Brokers, Agents Work to Be Heard

The Council of Insurance Agents & Brokers (CIAB) spent $220,000 lobbying in the second quarter – up $40,000 from the year-ago period, but $10,000 less than it spent in the first quarter of 2010. Joel Wood, CIAB's senior vice president of government affairs, says ensuring the role of agents and brokers in the state insurance exchanges and ensuring the viability of the small-group market are among the top issues facing his members. Most of CIAB's members work with employers that have 100 or more employees.

"There is a lot of anxiety among our members about the future of small-group insurance," he tells HPW.

Moreover, to comply with the MLR rules, health insurers are likely to substantially reduce commission rates paid to brokers and agents (HPW 6/28/10, p. 1). Most of the pressure on commissions, he says, will be experienced in the small-group and individual markets. "The days of a 20% commission for an individual health insurance policy are gone," he adds.

The Independent Insurance Agents & Brokers of America, Inc. ("The Big I"), which spent $430,000 on lobbying in the second quarter, intends to be "very active at the state level" as state insurance exchanges are formed, says Charles Symington, senior vice president of government affairs. The exchanges must be operational by Jan. 1, 2014 (HPW 5/3/10, p. 1). The organization also expects to direct some of its lobbying efforts at the HealthCare. gov Web portal – which will be the precursor to the exchanges – to ensure that consumers understand the importance of working with agents and brokers in selecting the most appropriate health coverage. "We would argue that now, more than ever, there is a need for experts in the field," he says.

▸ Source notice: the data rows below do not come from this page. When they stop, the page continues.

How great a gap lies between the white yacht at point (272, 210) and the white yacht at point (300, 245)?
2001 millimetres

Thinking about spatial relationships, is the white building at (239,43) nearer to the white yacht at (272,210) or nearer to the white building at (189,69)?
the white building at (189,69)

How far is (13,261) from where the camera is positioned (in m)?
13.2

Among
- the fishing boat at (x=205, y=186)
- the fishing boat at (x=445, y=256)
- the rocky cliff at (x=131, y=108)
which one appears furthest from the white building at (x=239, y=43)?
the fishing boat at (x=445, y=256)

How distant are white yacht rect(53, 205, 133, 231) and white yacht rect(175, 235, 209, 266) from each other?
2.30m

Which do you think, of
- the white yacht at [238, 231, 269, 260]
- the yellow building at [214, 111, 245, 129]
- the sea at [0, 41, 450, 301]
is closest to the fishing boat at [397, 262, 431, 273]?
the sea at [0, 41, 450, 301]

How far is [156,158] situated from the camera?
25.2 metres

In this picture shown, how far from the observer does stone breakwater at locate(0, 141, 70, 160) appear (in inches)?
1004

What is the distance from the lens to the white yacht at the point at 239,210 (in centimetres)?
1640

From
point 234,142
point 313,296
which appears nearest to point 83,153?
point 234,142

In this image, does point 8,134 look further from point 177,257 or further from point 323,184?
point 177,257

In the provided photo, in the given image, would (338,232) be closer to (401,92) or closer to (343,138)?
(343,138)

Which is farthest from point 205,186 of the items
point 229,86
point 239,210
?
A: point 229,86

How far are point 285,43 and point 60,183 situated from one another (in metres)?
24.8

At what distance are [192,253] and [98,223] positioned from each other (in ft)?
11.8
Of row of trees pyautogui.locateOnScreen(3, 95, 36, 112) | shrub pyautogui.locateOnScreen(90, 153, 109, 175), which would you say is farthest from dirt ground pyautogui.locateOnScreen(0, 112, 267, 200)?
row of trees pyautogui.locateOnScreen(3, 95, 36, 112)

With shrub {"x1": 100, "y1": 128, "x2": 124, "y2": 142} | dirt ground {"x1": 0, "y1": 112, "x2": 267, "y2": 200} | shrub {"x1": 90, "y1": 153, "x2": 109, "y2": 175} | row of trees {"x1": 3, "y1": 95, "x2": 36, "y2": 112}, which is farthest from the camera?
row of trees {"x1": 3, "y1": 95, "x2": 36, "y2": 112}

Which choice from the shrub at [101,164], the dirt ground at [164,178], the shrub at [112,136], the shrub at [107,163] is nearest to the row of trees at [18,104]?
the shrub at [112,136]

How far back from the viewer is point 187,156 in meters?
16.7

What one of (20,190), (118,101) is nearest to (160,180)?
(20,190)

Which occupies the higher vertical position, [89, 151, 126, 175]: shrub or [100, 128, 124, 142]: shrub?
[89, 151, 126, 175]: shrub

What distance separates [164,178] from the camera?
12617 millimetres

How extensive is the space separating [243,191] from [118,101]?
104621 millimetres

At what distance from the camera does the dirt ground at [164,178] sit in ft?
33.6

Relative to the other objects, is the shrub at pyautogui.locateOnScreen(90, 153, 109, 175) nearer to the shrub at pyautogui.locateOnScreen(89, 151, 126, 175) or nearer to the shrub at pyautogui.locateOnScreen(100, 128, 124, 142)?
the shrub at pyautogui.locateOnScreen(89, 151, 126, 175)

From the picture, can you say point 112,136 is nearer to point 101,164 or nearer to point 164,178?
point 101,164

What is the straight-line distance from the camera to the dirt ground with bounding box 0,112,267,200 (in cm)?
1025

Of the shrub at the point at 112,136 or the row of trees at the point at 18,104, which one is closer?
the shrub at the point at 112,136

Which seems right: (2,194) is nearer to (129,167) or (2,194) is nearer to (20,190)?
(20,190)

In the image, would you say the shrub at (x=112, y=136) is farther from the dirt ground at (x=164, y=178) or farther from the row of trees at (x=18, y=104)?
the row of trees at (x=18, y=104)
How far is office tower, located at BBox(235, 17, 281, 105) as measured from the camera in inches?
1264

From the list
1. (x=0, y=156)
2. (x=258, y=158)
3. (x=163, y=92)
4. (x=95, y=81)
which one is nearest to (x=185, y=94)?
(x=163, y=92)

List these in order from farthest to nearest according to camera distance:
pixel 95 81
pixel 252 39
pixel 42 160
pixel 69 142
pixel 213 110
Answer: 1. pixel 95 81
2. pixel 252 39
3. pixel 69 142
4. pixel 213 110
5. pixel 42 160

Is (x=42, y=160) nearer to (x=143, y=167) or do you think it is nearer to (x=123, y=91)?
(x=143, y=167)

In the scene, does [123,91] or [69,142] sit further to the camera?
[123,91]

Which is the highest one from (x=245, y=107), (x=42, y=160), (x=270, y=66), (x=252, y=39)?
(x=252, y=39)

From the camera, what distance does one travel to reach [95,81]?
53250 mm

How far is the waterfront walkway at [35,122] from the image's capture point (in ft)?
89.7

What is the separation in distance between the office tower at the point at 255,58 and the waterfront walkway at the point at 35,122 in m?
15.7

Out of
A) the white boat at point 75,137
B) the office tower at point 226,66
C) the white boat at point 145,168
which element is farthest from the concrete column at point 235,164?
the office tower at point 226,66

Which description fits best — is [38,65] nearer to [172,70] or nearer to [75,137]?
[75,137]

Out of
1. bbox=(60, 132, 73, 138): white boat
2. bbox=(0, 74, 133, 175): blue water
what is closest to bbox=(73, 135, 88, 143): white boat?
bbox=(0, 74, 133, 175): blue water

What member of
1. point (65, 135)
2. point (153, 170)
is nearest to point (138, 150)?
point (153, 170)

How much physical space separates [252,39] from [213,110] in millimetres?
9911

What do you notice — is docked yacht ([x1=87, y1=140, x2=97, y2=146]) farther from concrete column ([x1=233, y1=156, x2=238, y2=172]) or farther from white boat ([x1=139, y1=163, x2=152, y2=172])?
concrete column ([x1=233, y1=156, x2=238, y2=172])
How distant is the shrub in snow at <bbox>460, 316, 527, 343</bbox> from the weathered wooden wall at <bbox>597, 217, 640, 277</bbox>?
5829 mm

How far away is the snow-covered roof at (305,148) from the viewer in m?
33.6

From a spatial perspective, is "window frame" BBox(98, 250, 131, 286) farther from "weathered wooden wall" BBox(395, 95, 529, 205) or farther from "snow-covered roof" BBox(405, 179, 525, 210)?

Medicare Fee Issue Boosts AMA Efforts

The $8.6 million spent by AMA in the second quarter is more than double what it spent in the second quarter of 2009. The bulk of its lobbying dollars this year have been spent on securing a more permanent payment structure for physicians who see Medicare patients. "The AMA continues to work to fix the broken Medicare payment system, which is causing physicians to face an almost 30% cut in Medicare payments near the end of this year," AMA President Cecil Wilson, M.D., tells HPW. "The ongoing threat of physician payment cuts compromises access to health care for seniors and baby boomers." Laszewski says he's not surprised AMA has upped its spending, and criticizes the group for supporting the reform legislation without securing a solution to the Sustainable Growth Rate Formula for Medicare providers. "Right after the bill passed, they got a retroactive fix only until November and now face a 26% automatic cut by Jan. 1, 2011," he asserts. "They sure didn't get their money's worth in 2009 – particularly when it comes to legislative strategy – and now they have doubled it."